## Instructions for the task
Please give back only the lines below from the one containing "MEBAUNION's tweet photo. Why join M.E.B.A.?" to the one containing "Listes des candidat(es)", each repeated word for word, both ends included.

## Material for this task
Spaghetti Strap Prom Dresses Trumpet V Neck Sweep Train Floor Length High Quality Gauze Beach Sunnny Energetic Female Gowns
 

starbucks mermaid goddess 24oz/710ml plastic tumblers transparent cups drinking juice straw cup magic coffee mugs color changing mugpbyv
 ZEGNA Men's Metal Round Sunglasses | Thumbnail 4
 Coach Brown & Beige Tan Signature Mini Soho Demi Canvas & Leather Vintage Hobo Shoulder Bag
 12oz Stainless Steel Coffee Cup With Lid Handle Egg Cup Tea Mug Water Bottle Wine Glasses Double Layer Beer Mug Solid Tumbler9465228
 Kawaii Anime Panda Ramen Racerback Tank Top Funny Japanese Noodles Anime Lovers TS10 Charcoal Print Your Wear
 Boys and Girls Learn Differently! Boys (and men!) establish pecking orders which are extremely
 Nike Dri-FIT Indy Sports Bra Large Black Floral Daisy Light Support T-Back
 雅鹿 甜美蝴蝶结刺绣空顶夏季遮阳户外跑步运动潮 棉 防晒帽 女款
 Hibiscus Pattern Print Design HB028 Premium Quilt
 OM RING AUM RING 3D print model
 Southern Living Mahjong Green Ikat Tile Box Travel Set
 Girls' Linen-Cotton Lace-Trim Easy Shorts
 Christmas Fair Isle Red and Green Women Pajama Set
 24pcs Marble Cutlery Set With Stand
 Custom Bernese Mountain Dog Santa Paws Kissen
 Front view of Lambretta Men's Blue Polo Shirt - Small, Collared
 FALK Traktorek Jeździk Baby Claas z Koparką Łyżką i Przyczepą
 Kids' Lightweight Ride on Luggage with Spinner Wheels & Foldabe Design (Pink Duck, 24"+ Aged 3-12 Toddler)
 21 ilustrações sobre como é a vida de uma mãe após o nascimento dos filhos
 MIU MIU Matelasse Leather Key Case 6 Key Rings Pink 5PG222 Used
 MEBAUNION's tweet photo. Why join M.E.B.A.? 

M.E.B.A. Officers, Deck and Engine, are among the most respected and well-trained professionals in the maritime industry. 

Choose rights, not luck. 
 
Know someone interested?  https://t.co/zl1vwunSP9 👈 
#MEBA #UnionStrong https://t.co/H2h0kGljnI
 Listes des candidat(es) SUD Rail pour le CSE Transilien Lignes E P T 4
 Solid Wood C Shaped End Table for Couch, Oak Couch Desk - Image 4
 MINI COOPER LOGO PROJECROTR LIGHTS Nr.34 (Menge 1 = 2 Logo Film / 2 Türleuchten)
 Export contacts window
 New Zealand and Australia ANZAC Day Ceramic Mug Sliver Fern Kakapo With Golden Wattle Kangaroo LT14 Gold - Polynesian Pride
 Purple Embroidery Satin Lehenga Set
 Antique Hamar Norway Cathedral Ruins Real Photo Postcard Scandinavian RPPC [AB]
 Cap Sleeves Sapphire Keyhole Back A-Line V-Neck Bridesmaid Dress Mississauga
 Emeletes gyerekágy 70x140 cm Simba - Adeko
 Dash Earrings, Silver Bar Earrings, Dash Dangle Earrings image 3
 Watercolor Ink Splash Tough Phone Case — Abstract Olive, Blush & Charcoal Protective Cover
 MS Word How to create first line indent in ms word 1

## Written response
 MEBAUNION's tweet photo. Why join M.E.B.A.? 

M.E.B.A. Officers, Deck and Engine, are among the most respected and well-trained professionals in the maritime industry. 

Choose rights, not luck. 
 
Know someone interested?  https://t.co/zl1vwunSP9 👈 
#MEBA #UnionStrong https://t.co/H2h0kGljnI
 Listes des candidat(es) SUD Rail pour le CSE Transilien Lignes E P T 4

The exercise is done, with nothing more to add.